Dans l'article intitulé «La réalisation d'un grand rêve», article signé par Martin Bilodeau et publié le samedi 11 décembre, on mentionne que l'ONF n'est qu'une maison de services depuis l'an dernier, quand les postes de dix cinéastes «permanents» ont été coupés.

Cette affirmation est absolument fausse et ne tient aucunement compte de la réalité actuelle à l'ONF. Oui, l'année dernière, nous avons mis fin à la permanence d'emploi pour les dix cinéastes permanents au Programme français. Mais loin d'avoir été prise dans l'intention de devenir une maison de services, cette décision visait plutôt à ouvrir les portes de l'organisme à la relève et à des cinéastes de l'extérieur qui veulent faire du cinéma responsable et engagé.

Ce renouvellement nécessaire confirme le rôle unique de l'ONF en tant que producteur et distributeur public. Il fait en sorte que tous ceux et celles qui réalisent un projet à l'ONF disposent du même niveau exceptionnel de soutien à la recherche, à la scénarisation, à la production et à la diffusion de leur oeuvre.

Tel que mentionné par la cinéaste Tahani Rached, l'ONF a été pour elle un lieu privilégié de création. Il le demeure pour tous les cinéastes qui viennent réaliser leurs films chez nous. À preuve, le documentaire Ce qu'il reste de nous, de François Prévost et Hugo Latulippe, ou Zéro Tolérance, de Mishka Saäl, ou Médecine sous influence, de Lina B. Moreco, n'auraient probablement pas pu être produits ailleurs. Surveillez de près la sortie de 578 fois la vie, de Céline Baril, vous comprendrez que ces films correspondent en tous points au mandat de l'ONF de produire des documents de réflexion sur les grands enjeux sociaux ou politiques. Et la réponse du public québécois est éloquente: Ce qu'il reste de nous a réussi à cumuler cette année le plus de recettes au guichet pour un documentaire au Québec.
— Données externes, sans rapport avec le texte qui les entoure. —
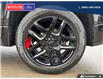 2023 Chevrolet Traverse Premier (Stk: 5756B) in Vanderhoof - Image 6 of 21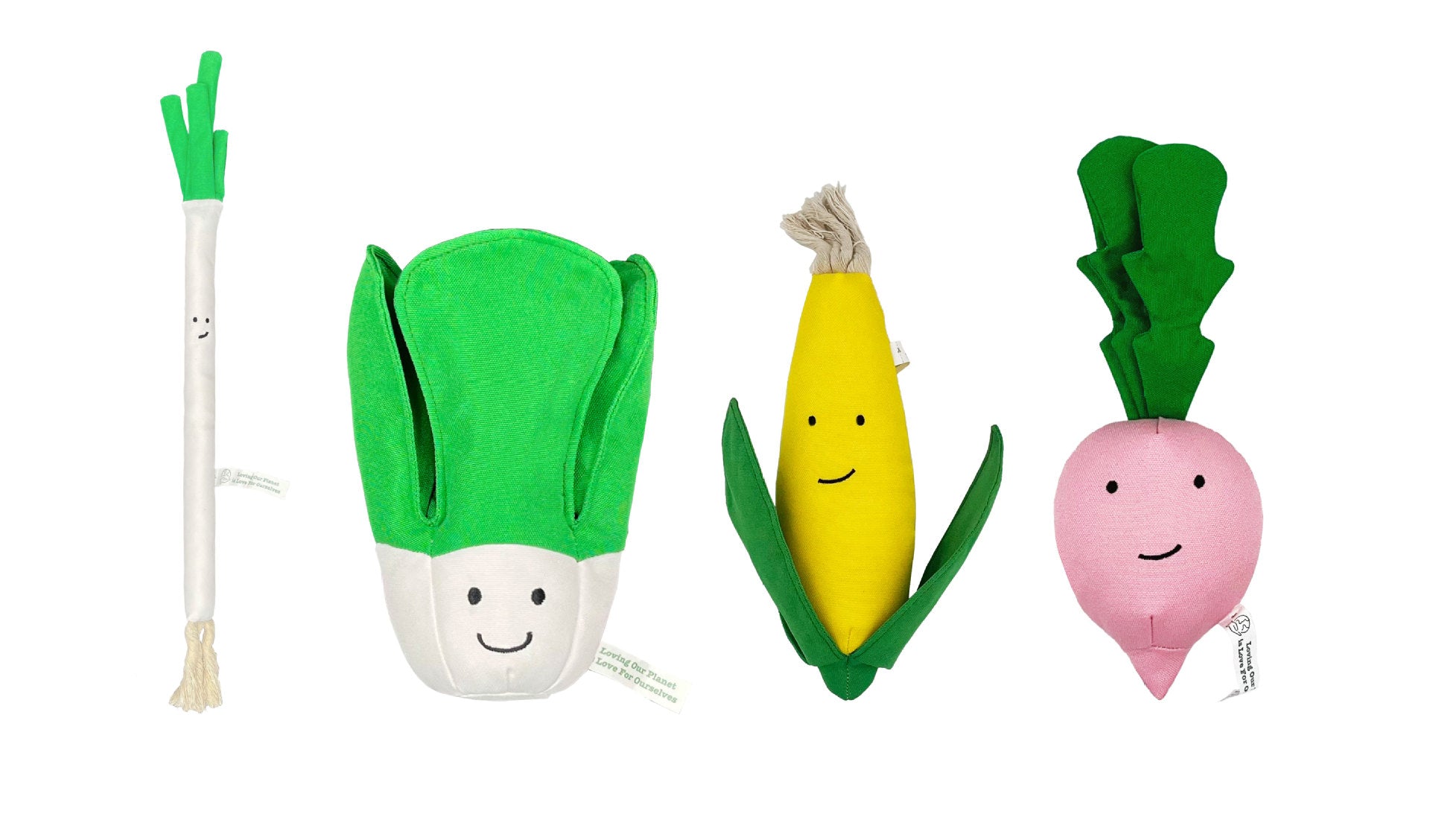Dog toys Bite resistant sound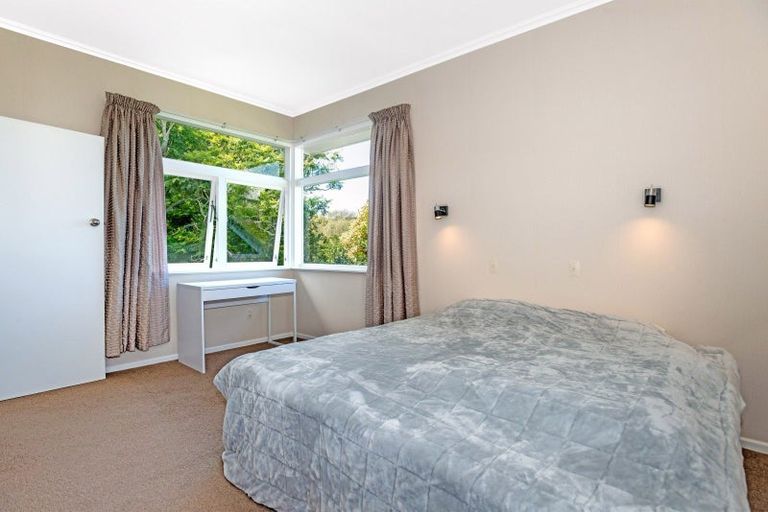 Photo of property in 24 Hill Road, Whataupoko, Gisborne, 4010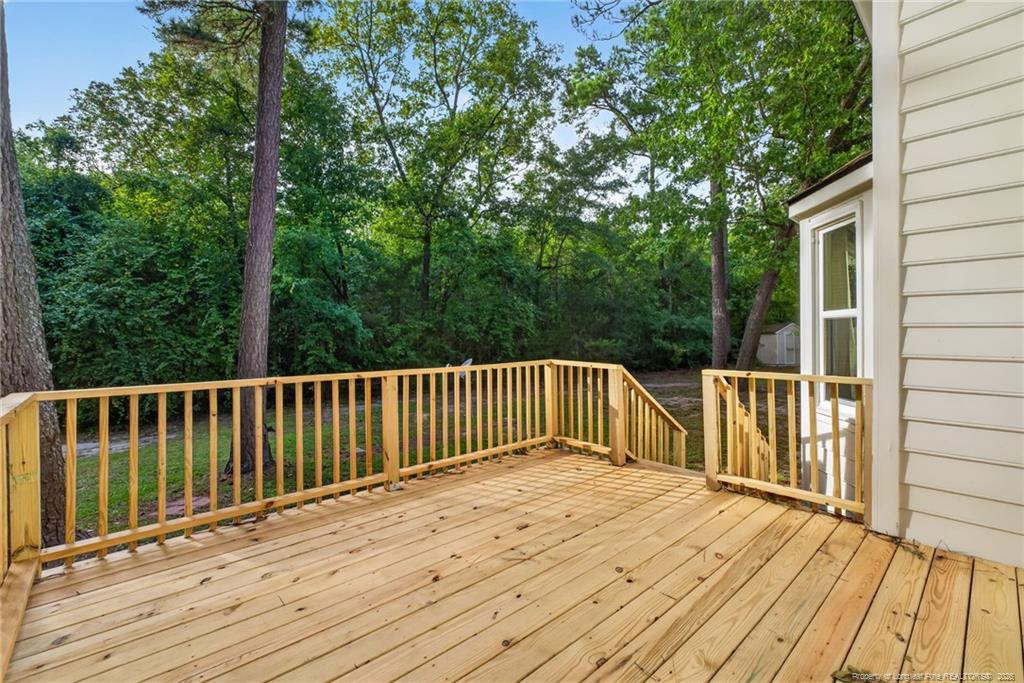 7724 Guinevere Court Property Photo 42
À l'ONF, les cinéastes expérimentés comme ceux de la relève peuvent pratiquer leur art dans un milieu de création unique en son genre. Ce n'est pas une maison de services, mais un lieu où l'encadrement de production permet aux cinéastes de se réaliser pleinement. La semaine dernière, le commissaire Jacques Bensimon et le Programme français ont été honorés comme personnalité de l'année - cinéma dans CinéTVmultimédia. Ce genre de reconnaissance du milieu n'irait pas à une boîte de services.